ACTION ITEM
Copy every record word for word. Pictures are not part of the copy.

BEGIN DATASET CONTENT

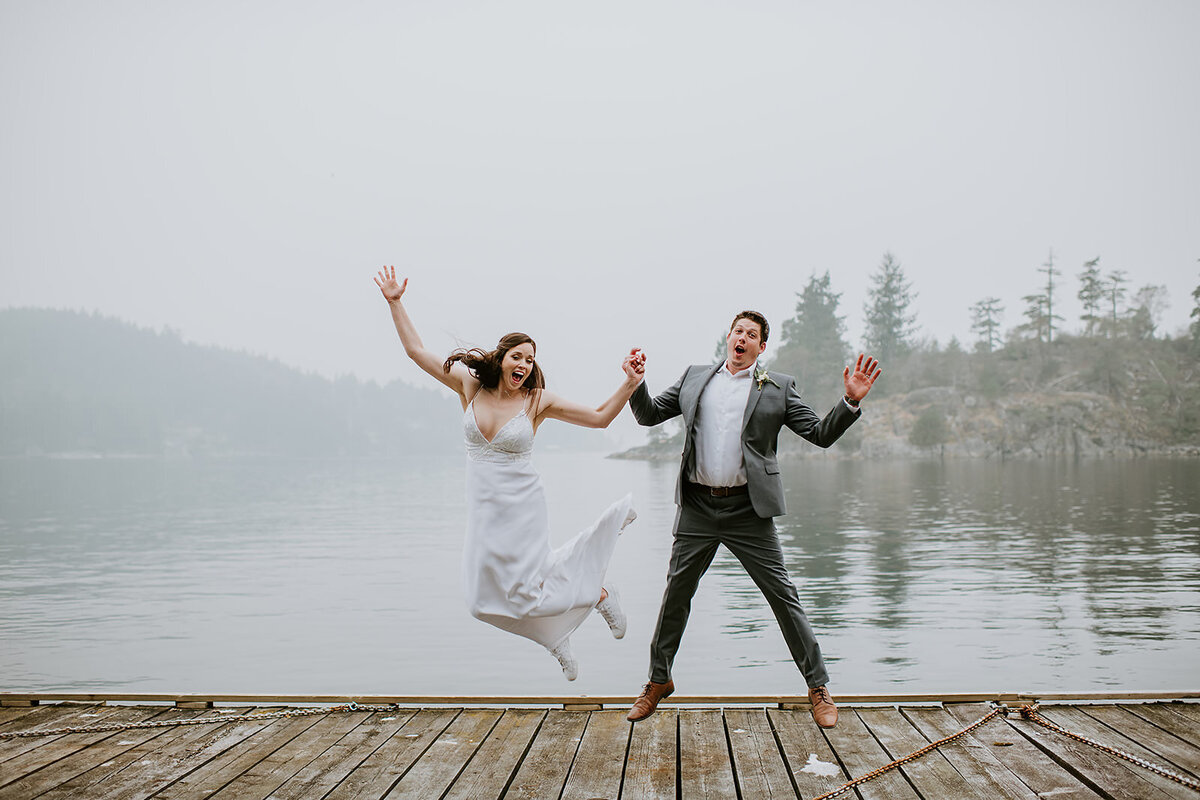 Couple jumping like they've just won the lottery during their portrait session at their small wedding in Pender Harbor B.C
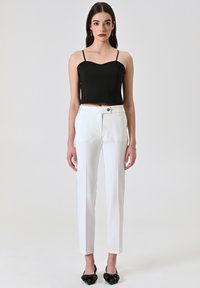 Top noir court avec de fines bretelles, associé à un pantalon blanc ajusté avec un bouton unique et une finition lisse. Les chaussures sont noires avec des nœuds.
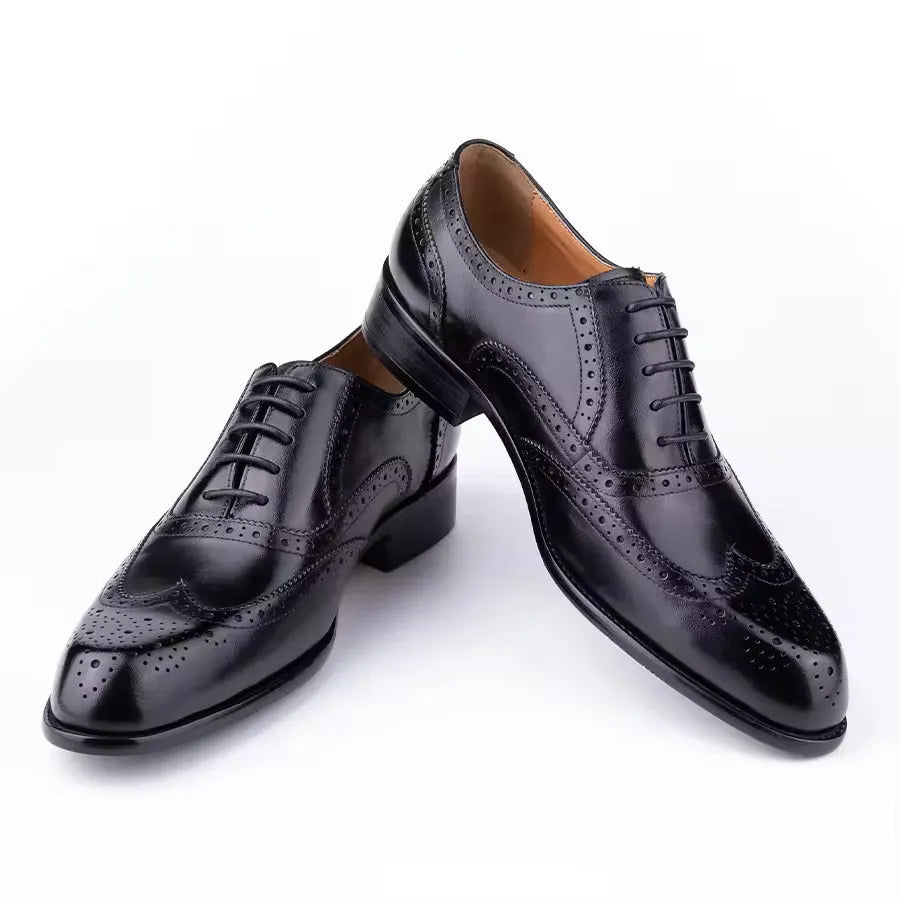 Men's purple leather oxford shoes with hand-carved detailing and a pointed toe on a rubber sole.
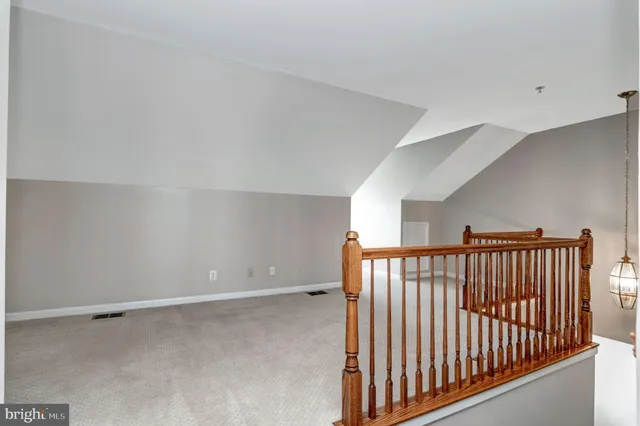 a view of hallway with stairs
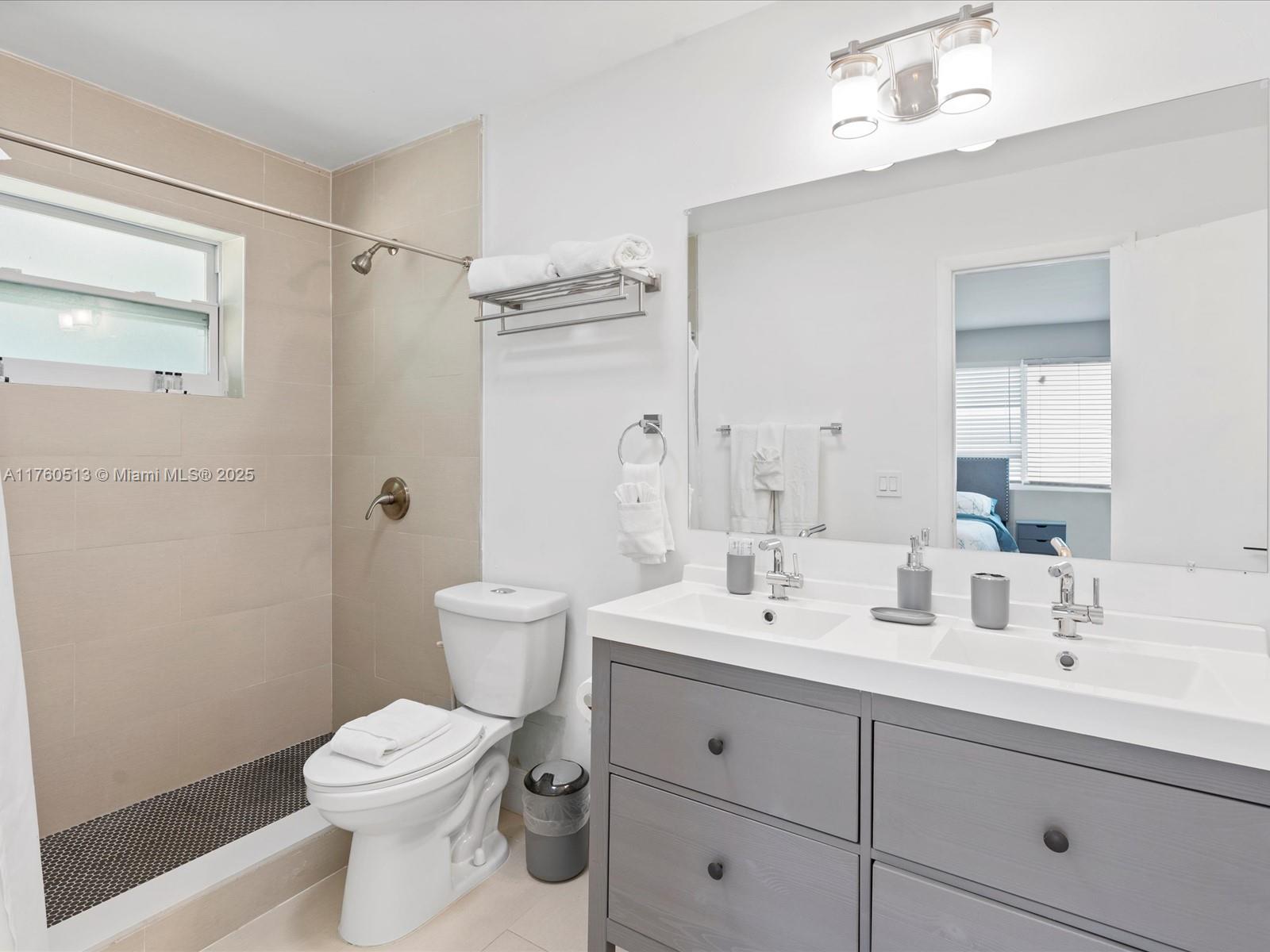 3981 Southwest 58th Street Dania Beach, FL 33312 - Photo 14 of 37 a bathroom with a double vanity sink toilet and shower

END DATASET CONTENT

EXERCISE RESPONSE
 Couple jumping like they've just won the lottery during their portrait session at their small wedding in Pender Harbor B.C
 Top noir court avec de fines bretelles, associé à un pantalon blanc ajusté avec un bouton unique et une finition lisse. Les chaussures sont noires avec des nœuds.
 Men's purple leather oxford shoes with hand-carved detailing and a pointed toe on a rubber sole.
 a view of hallway with stairs
 3981 Southwest 58th Street Dania Beach, FL 33312 - Photo 14 of 37 a bathroom with a double vanity sink toilet and shower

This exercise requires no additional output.